Sidekiq: Job started / retry date is in 100+ years from now

Created on 30 Nov 2016 · 46Comments · Source: mperham/sidekiq

UPDATE https://github.com/mperham/sidekiq/issues/3265#issuecomment-271681275 It was my fault of course -- Future devs take note!

Ruby version: 2.3.1
Sidekiq / Pro / Enterprise version(s): 4.1.4

If relevant, please include your initializer and any error message with the full backtrace.

I've started getting RequestTimeTooSkewed errors from S3 in my sidekiq jobs. I tried the Fog "sync_clock" option in my carrierwave initializer, but no dice.

I noticed my job started at times and retry times are being set to this date:

screen shot 2016-11-30 at 10 13 24 am

Sometimes the year is 2769. Update: another one came in for the year 2059 I can't find any info through googling about what is happening here.
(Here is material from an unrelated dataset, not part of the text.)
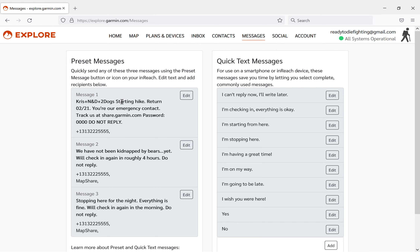You can do preset messages and quick text messages completely independent of a phone, just on the little Garmin device. I have these three messages that basically let people know I'm okay. Probably should have one saying I'm in trouble and to send help, but the Garmin has an SOS button for that - its purpose is to actually get emergency help. I have not been able to test this; you're not supposed to test it and I do not want to pay fees or have search and rescue come out.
Please help, this is happening on my production server which is Heroku, which reports the correct current time in console :(

Source

joemsak

Most helpful comment

I don't take donations but I'm not demanding a purchase either. 🍰 You can always make the case for the next company you work for; I'll still be here years from now.

mperham on 30 Nov 2016

❤2 👍1

All 46 comments

Update I so far cannot reproduce this problem on my local environment with my production branch

screen shot 2016-11-30 at 11 03 54 am

joemsak on 30 Nov 2016

The machine's clock is screwed up, possibly a hardware problem. I'd destroy the dyno and get a new one. Sidekiq and Ruby just use whatever the OS returns for the current time so there's nothing to be done with them.

mperham on 30 Nov 2016

This doesn't explain why in console, rails tells me the correct current time, and the logs show the correct time. Sometimes the sidekiq jobs do show the correct time for started but then the retry date is 100+ years later. Also, only sidekiq seems to be having problems.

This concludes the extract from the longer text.